Пришло время рассказать и показать вам, уважаемый читатель, еще одну историю, что поможет, надеемся, лучше представить и понять человека, о котором наша книга. И нам не обойтись без семейно-театральной истории Ирины Марковиной.
«Папа обладал настоящим актёрским талантом перевоплощения. Опишу один из наших семейных спектаклей. На сцене - фрагменты из сатирической пьесы В. Маяковского “Клоп”. Картинки нэпмановского рынка. Идея этого представления с мгновенными переодеваниями заимствована у Аркадия Райкина. Перед зрителями - офицер в военной форме. Папа произносит вступление, уходит за кулисы и через три секунды выбегает в гриме и костюме одного из рыночных торговцев.
Далее, оставаясь в образе, идёт через всю сцену к противоположной кулисе, заходит за неё и через три секунды на сцену выбегает совершенно другой персонаж.
В зале многие думали, что это два актёра работают. На самом деле, в обеих кулисах - правой и левой - находилась наша мама, Зинаида Ивановна, с моим братом Борисом и я. Мы переодевали Юрия Борисовича мгновенно, благодаря множеству хитрых приёмов, отрепетированных до автоматизма. Все парики, маски (как у Аркадия Райкина), костюмы, весь реквизит - мы делали своими руками, дома, вместе.
Последний персонаж - женщина в чулках, с длинными волосами, в шляпе ... Через три секунды папа выходил на финал снова в военной форме. Китель был разрезан сзади и надевался мгновенно, а чулки были под военными брюками, которые нужно было за секунду освободить от резинок. Зал взрывался от оваций ...

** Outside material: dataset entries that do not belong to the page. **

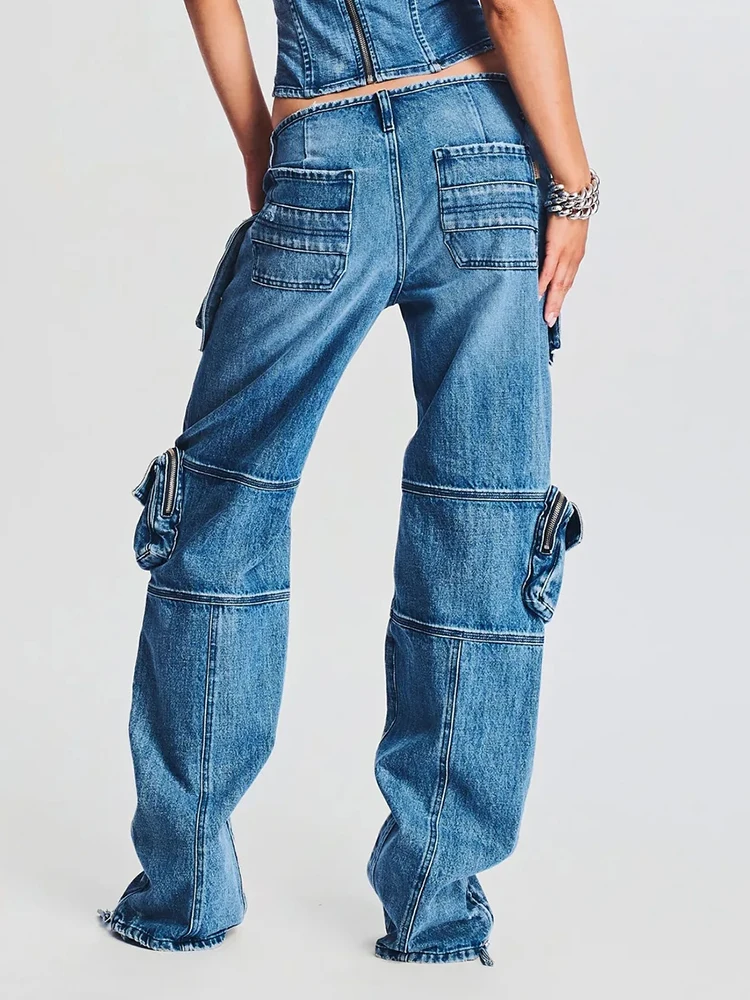 Retro VGH Denim Work Pants Slim Straight Multi-Pocket Street Style Jeans Natural Waist Button Closure All-Season Ladies Trousers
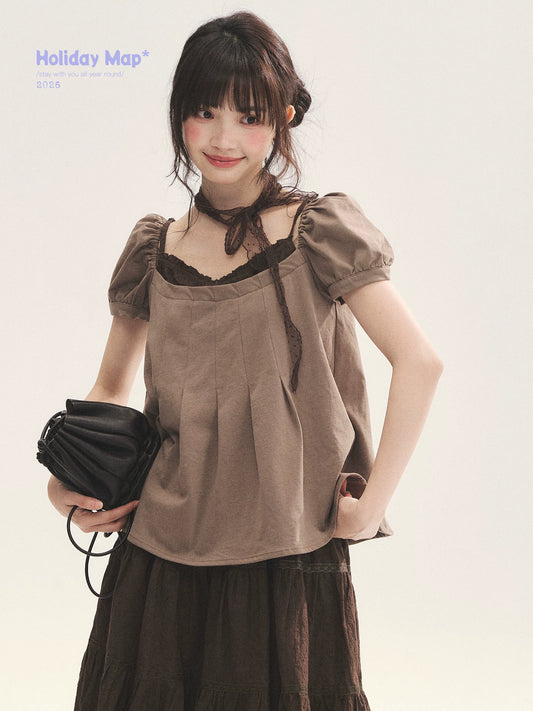 "Tea Brown Reverie" Tea Brown Off-Shoulder Puff Sleeve Knit Top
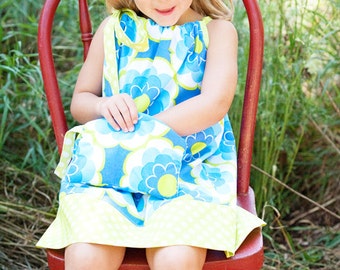 READY to SHIP! Pillowcase Dress, Timeless Treasures, Sunny Daze, Turquoise Blue, Lime Green, Ta Dot, Photo Shoot, Spring, Easter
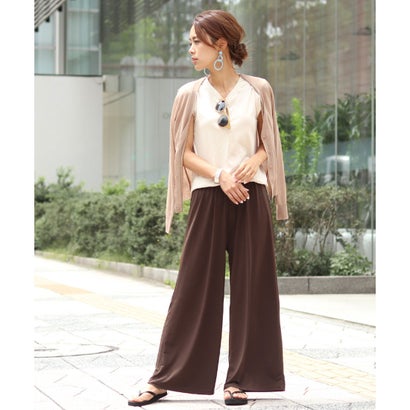 リラックスゆるテロワイドパンツ レディース ボトムス ガウチョパンツ 無地 サラてろ 七分丈 7分丈 ロング丈 （ダークブラウン）｜詳細画像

Номер был фантастический. Им концерты обычно заканчивали, так как ничего другого зал уже не воспринимал. Помню, как на концерте, кажется, в ВПА имени Ленина, в первом ряду хохотал, выступавший в первом отделении знаменитый Борис Андреев, любимый нашим народом Саша с Уралмаша из фильма "Два бойца”. Напряжение за кулисами было невозможное, настоящий стресс для нас. Но успех оправдывал все переживания и нервные затраты».